>>>>>
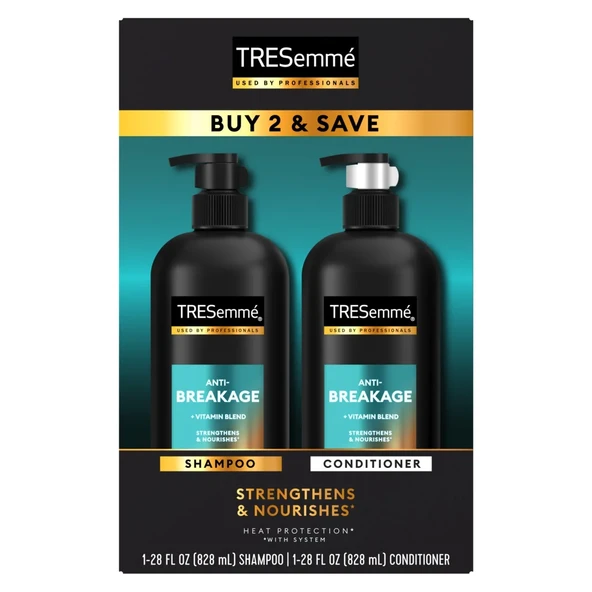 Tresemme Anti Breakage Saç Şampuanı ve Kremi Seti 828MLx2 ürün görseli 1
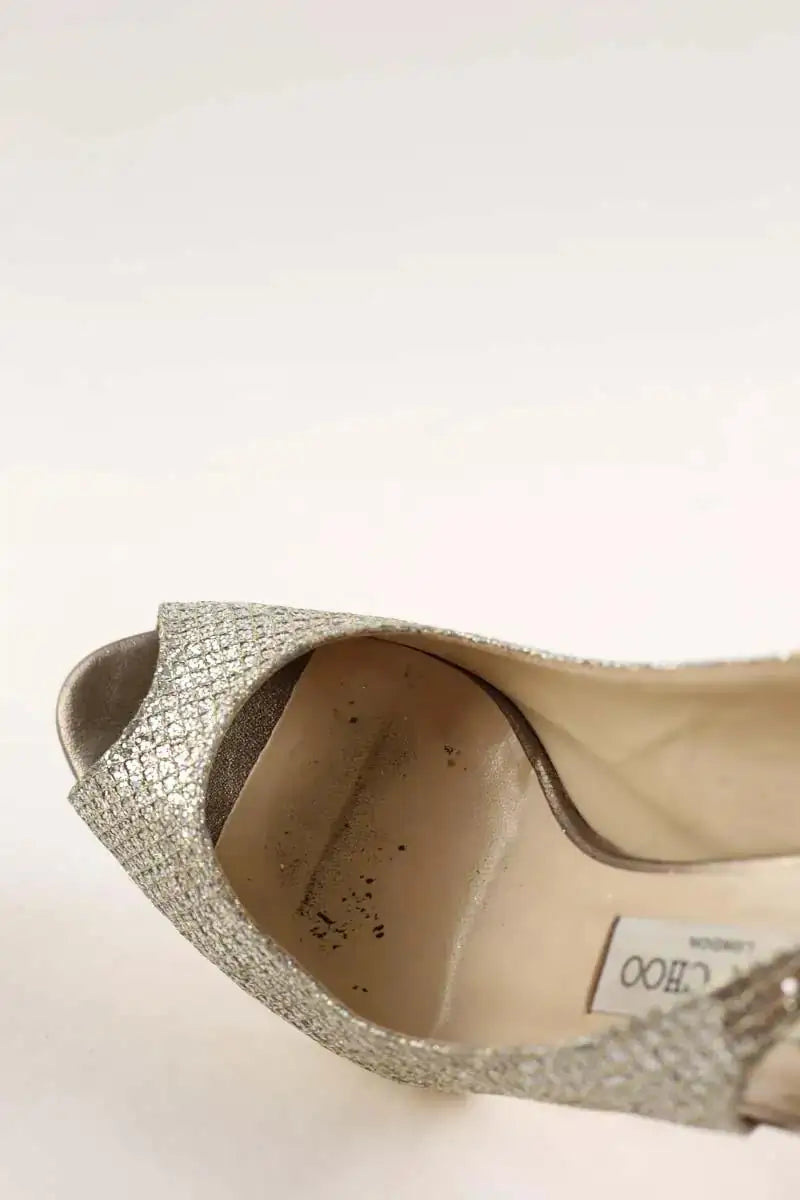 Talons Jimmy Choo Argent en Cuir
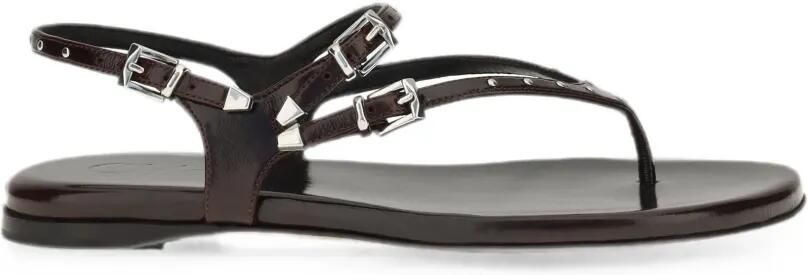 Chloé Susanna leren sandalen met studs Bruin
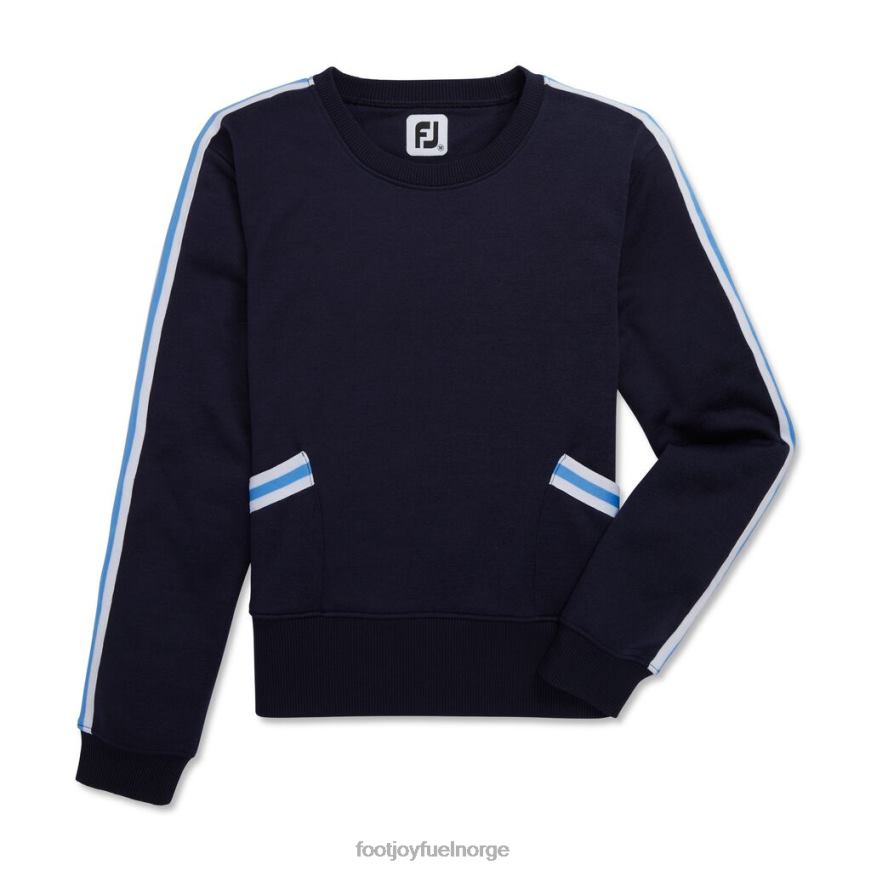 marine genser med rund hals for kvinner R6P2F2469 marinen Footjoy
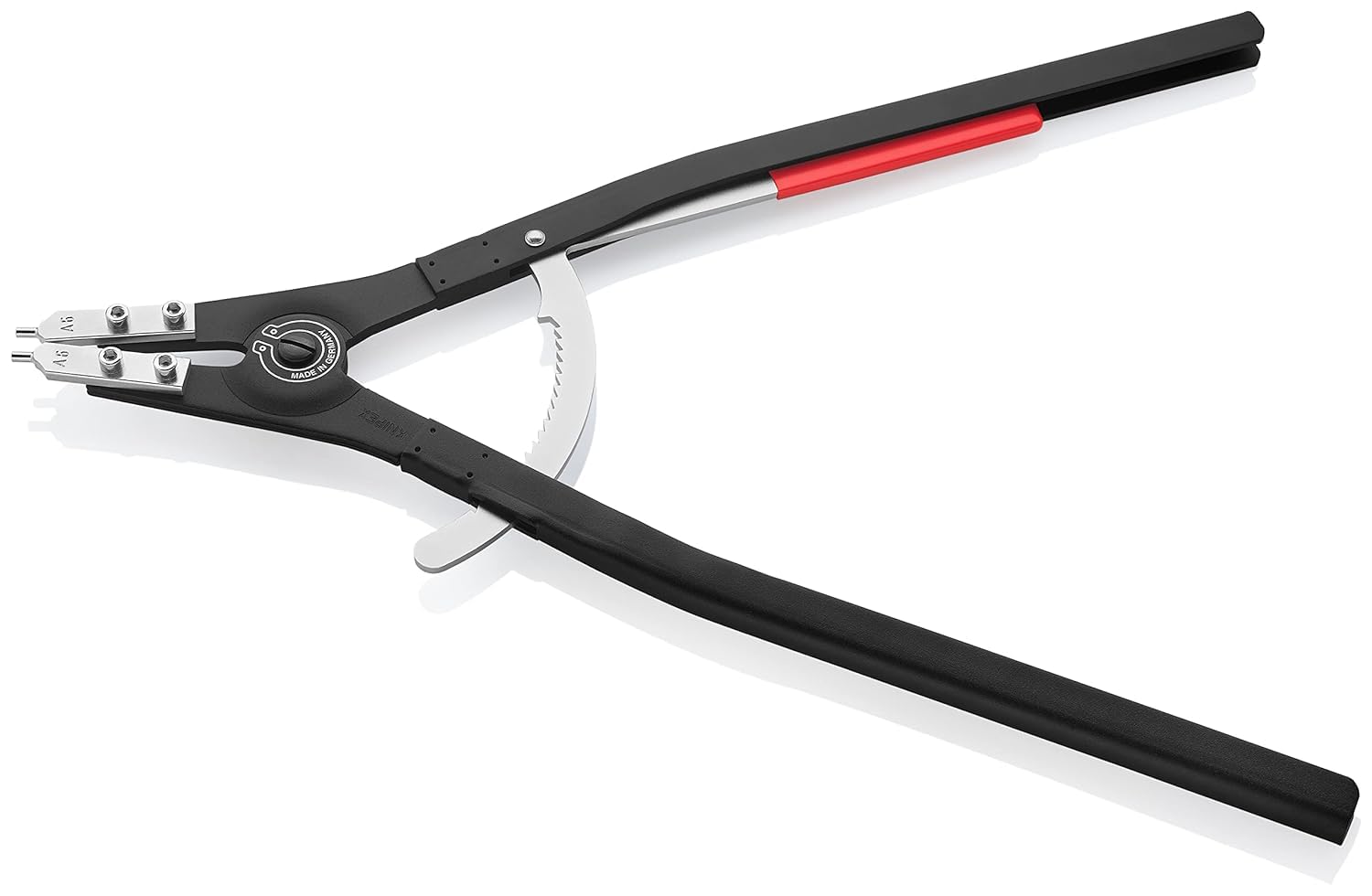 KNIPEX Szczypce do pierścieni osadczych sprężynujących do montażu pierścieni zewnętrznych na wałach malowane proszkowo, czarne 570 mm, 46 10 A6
<<<<<
▶ What needs to be done
The lines to repeat run from the line containing "marine genser med" through the end of the listing above, both included; give them exactly and without pictures.

▶ Result for this task
 marine genser med rund hals for kvinner R6P2F2469 marinen Footjoy
 KNIPEX Szczypce do pierścieni osadczych sprężynujących do montażu pierścieni zewnętrznych na wałach malowane proszkowo, czarne 570 mm, 46 10 A6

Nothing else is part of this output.